Transcribe word for word each line from the one containing "3-bedroom Maisonette In" to the final line of the data, both included. Skip the pictures.

┄┄┄┄┄┄

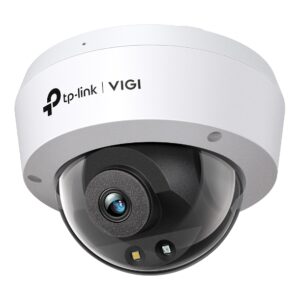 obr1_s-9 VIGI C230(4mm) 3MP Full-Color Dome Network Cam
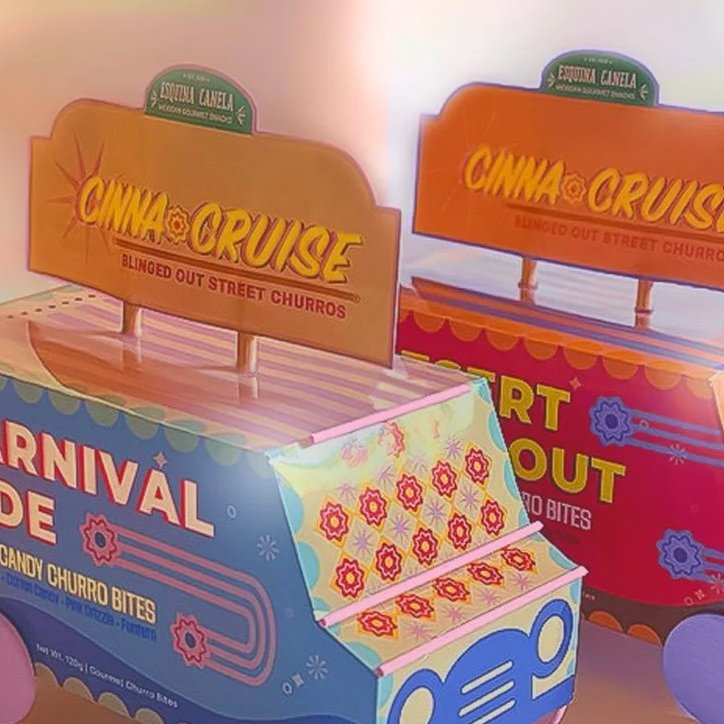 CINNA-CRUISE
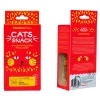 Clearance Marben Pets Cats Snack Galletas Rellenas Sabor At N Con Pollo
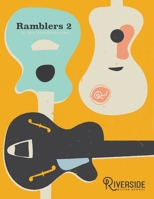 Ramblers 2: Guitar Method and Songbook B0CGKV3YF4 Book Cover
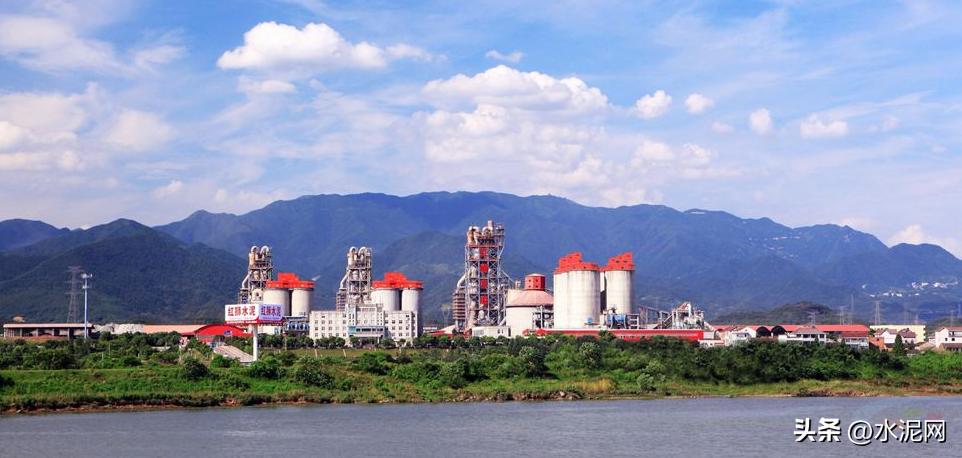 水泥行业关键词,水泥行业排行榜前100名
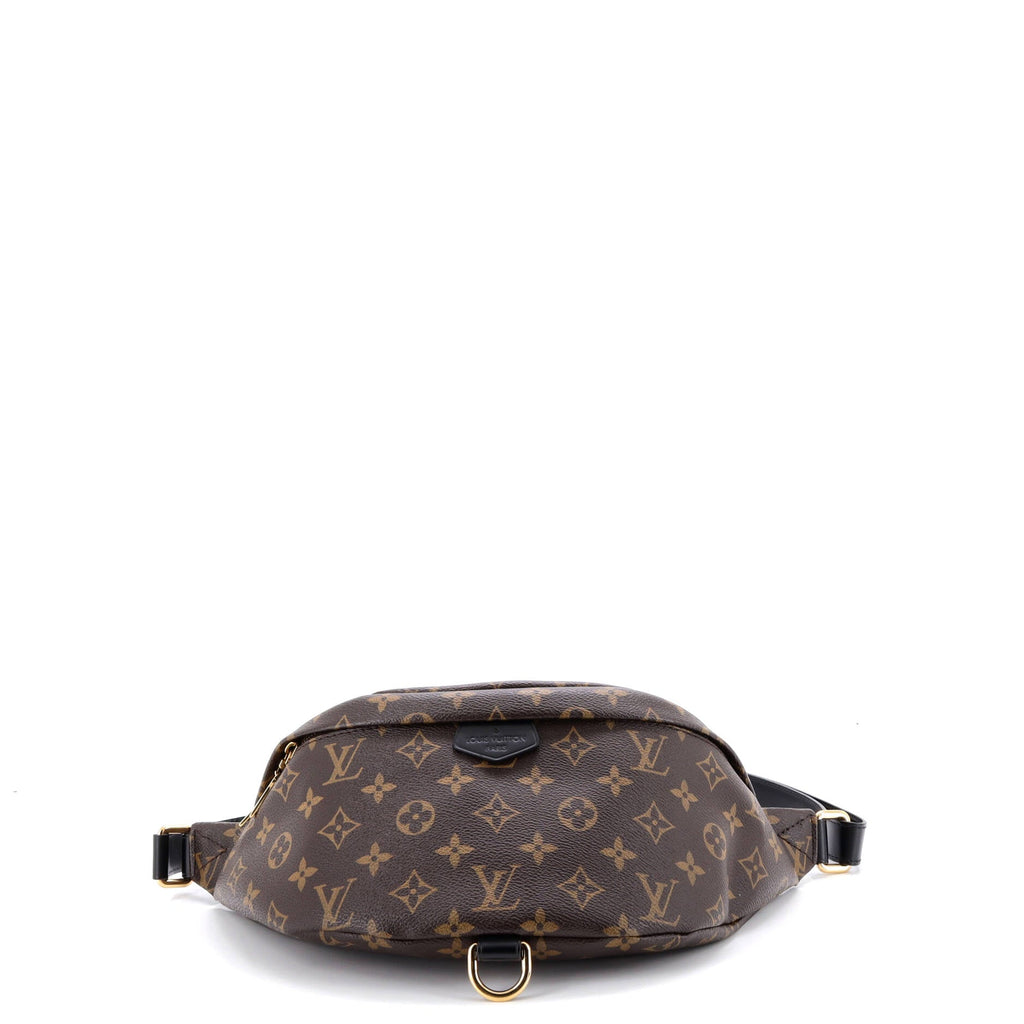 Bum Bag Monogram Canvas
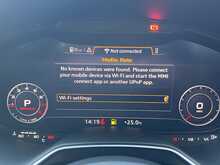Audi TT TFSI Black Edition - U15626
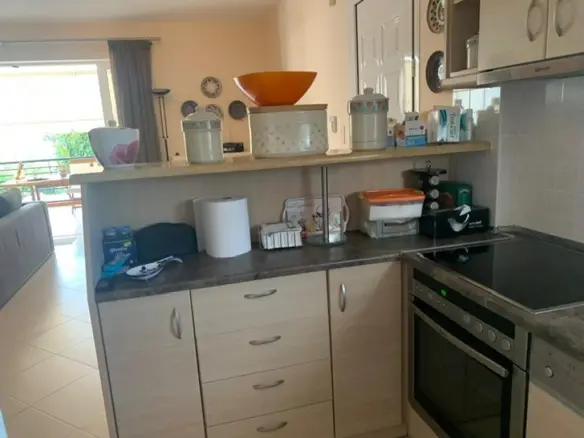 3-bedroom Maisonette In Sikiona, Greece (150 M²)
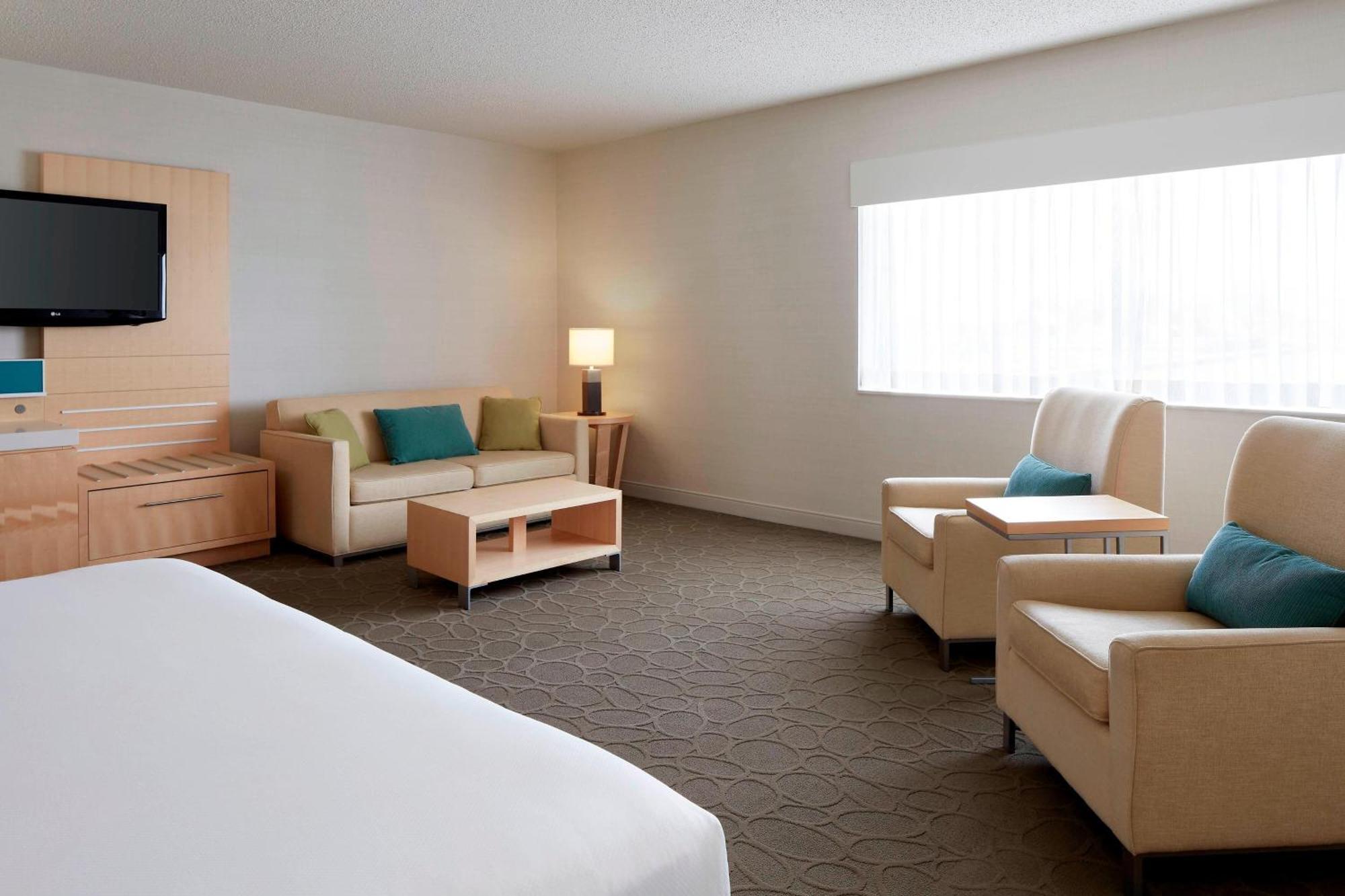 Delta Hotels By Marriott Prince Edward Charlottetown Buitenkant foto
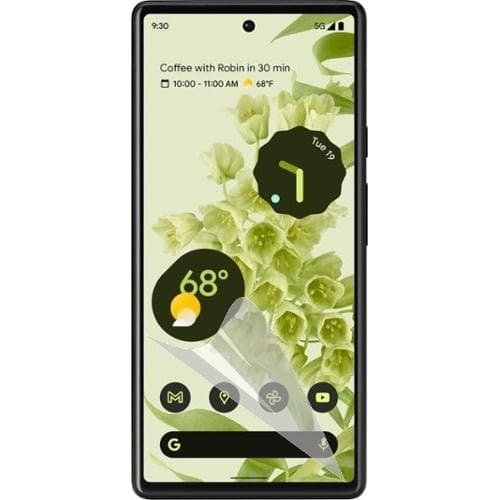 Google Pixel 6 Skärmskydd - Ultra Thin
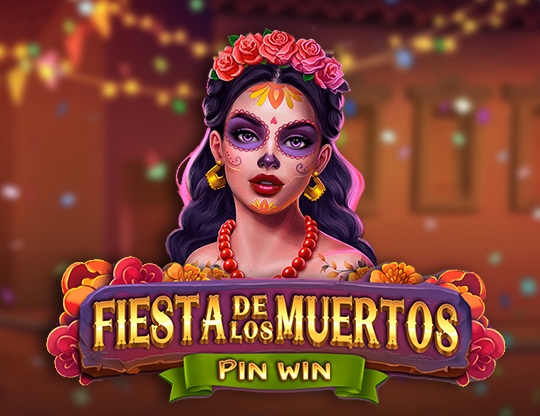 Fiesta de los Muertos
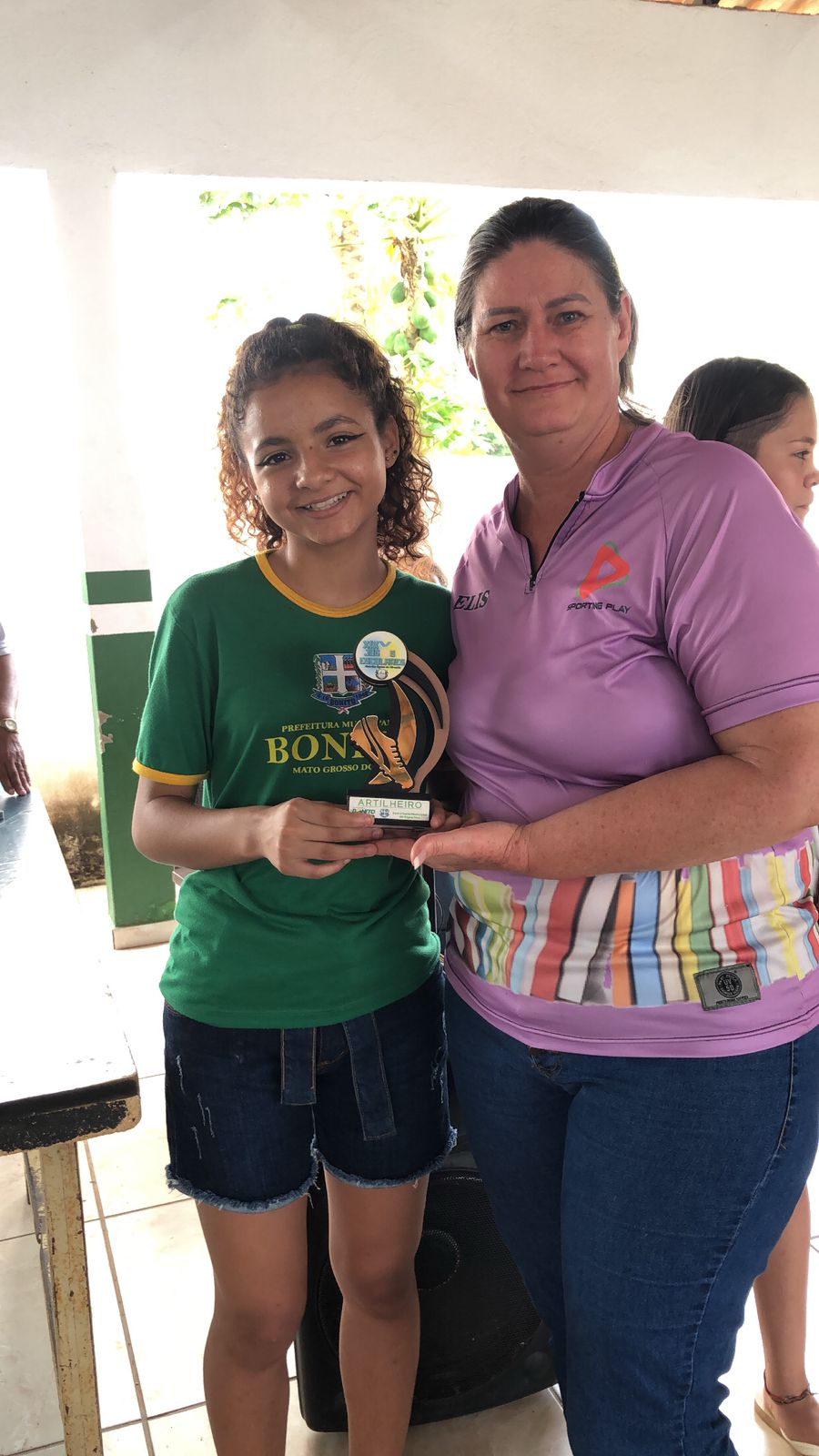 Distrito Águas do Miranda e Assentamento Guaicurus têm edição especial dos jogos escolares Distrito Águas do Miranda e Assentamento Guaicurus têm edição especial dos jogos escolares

┄┄┄┄┄┄

Reply:
 3-bedroom Maisonette In Sikiona, Greece (150 M²)
 Delta Hotels By Marriott Prince Edward Charlottetown Buitenkant foto
 Google Pixel 6 Skärmskydd - Ultra Thin
 Fiesta de los Muertos
 Distrito Águas do Miranda e Assentamento Guaicurus têm edição especial dos jogos escolares Distrito Águas do Miranda e Assentamento Guaicurus têm edição especial dos jogos escolares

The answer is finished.